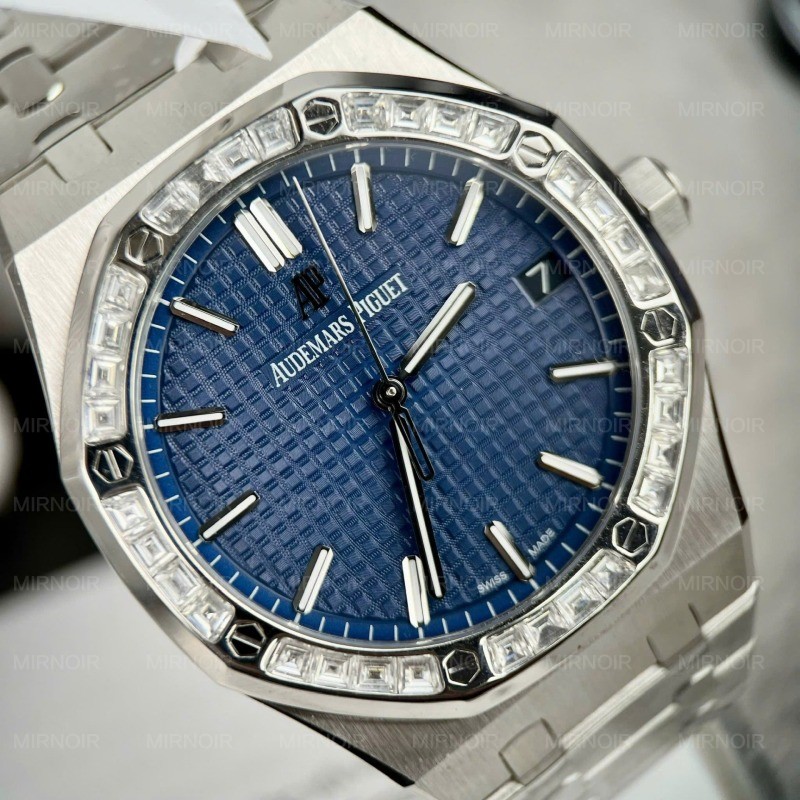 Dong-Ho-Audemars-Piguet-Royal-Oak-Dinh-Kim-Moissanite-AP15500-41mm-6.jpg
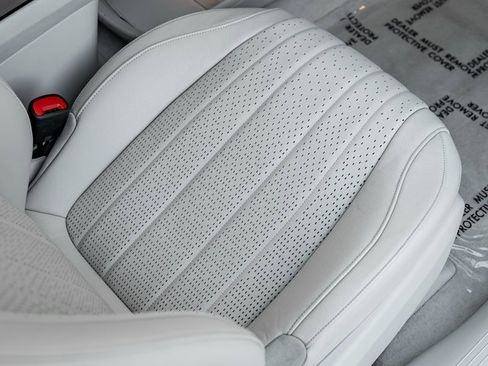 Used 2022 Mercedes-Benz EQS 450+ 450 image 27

--

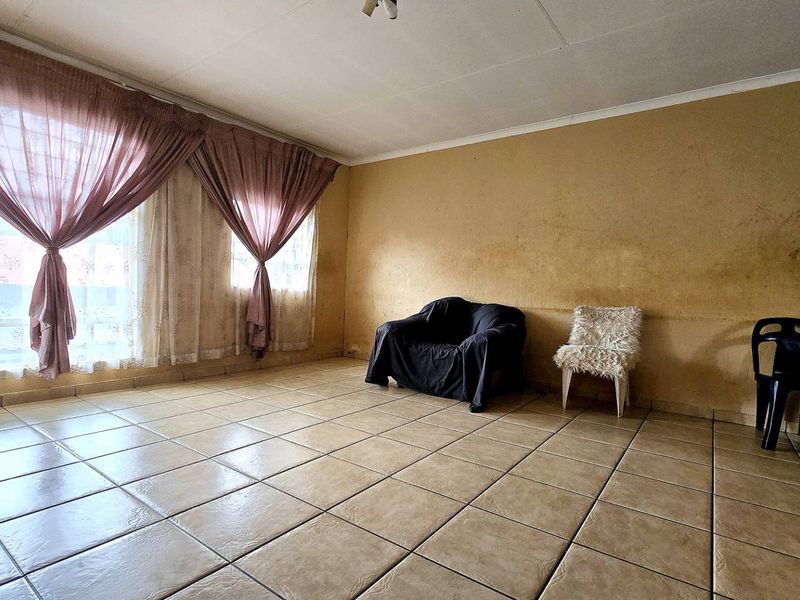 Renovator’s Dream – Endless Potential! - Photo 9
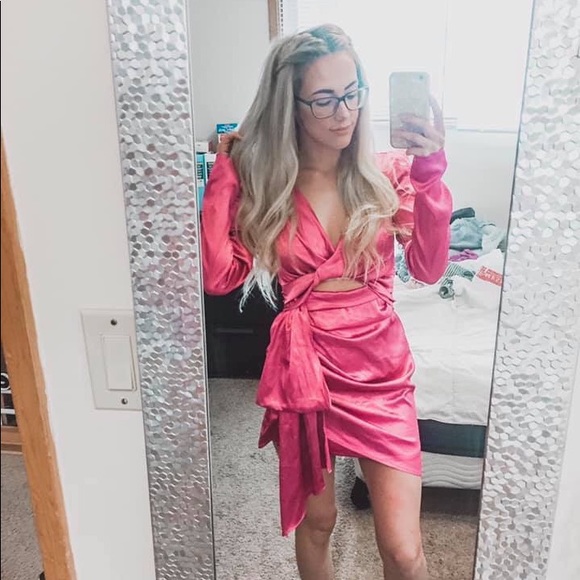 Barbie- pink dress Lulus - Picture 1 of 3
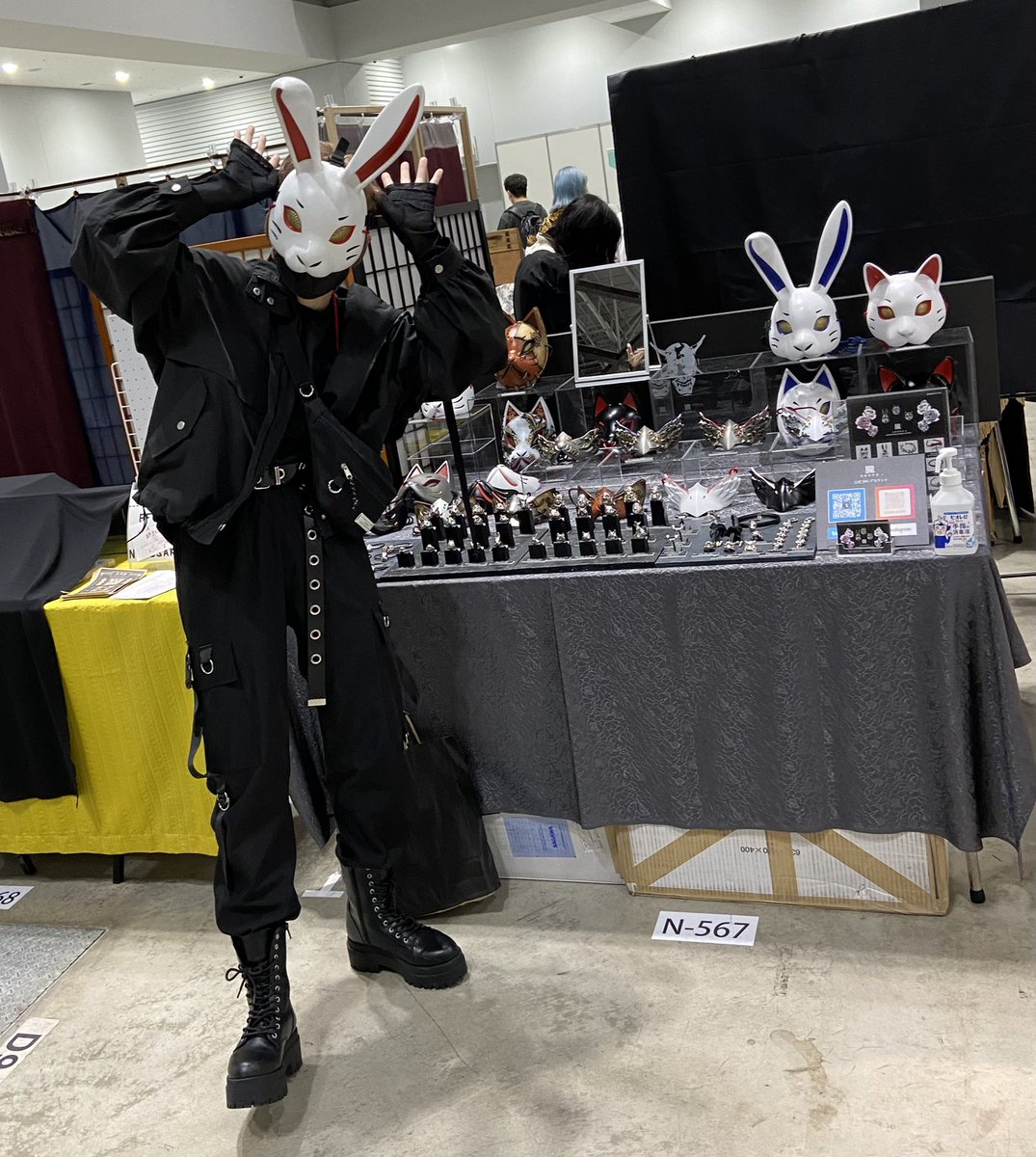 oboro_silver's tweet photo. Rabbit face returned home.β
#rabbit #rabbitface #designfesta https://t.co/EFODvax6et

* * *

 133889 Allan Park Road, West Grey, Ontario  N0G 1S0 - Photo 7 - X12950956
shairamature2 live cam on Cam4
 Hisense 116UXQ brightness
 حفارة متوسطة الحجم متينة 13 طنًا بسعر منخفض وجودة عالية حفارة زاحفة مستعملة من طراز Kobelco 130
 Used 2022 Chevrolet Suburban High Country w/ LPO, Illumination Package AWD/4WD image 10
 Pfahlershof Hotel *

TRY IT: After locating the line holding "Hisense 116UXQ brightness" above, output exactly that line and every line after it through the line holding "Pfahlershof Hotel *". Include nothing else.

REPLY TO THE EXERCISE:
 Hisense 116UXQ brightness
 حفارة متوسطة الحجم متينة 13 طنًا بسعر منخفض وجودة عالية حفارة زاحفة مستعملة من طراز Kobelco 130
 Used 2022 Chevrolet Suburban High Country w/ LPO, Illumination Package AWD/4WD image 10
 Pfahlershof Hotel *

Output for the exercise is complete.